STUDY MATERIAL:
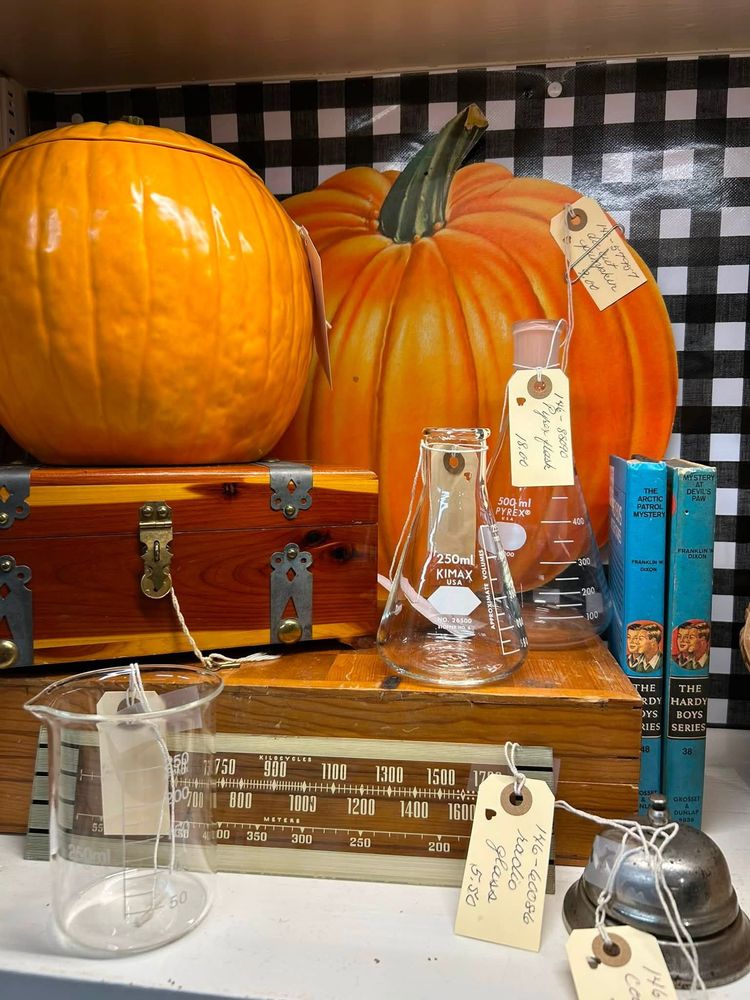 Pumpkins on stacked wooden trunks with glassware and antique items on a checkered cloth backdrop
* * *
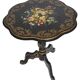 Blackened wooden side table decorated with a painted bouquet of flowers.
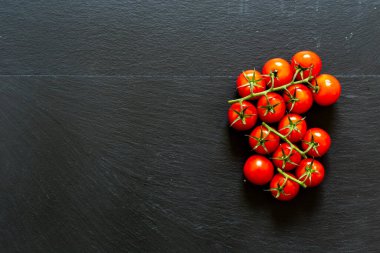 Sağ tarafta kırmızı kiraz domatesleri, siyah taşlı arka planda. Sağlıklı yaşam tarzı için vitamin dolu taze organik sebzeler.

GOAL OF THE EXERCISE: Go back to the lines above and output, exactly as they stand, the ones from the line containing "Blackened wooden side" to the line containing "Sağ tarafta kırmızı". Leave all pictures behind.

PROBLEM SOLUTION:
 Blackened wooden side table decorated with a painted bouquet of flowers.
 Sağ tarafta kırmızı kiraz domatesleri, siyah taşlı arka planda. Sağlıklı yaşam tarzı için vitamin dolu taze organik sebzeler.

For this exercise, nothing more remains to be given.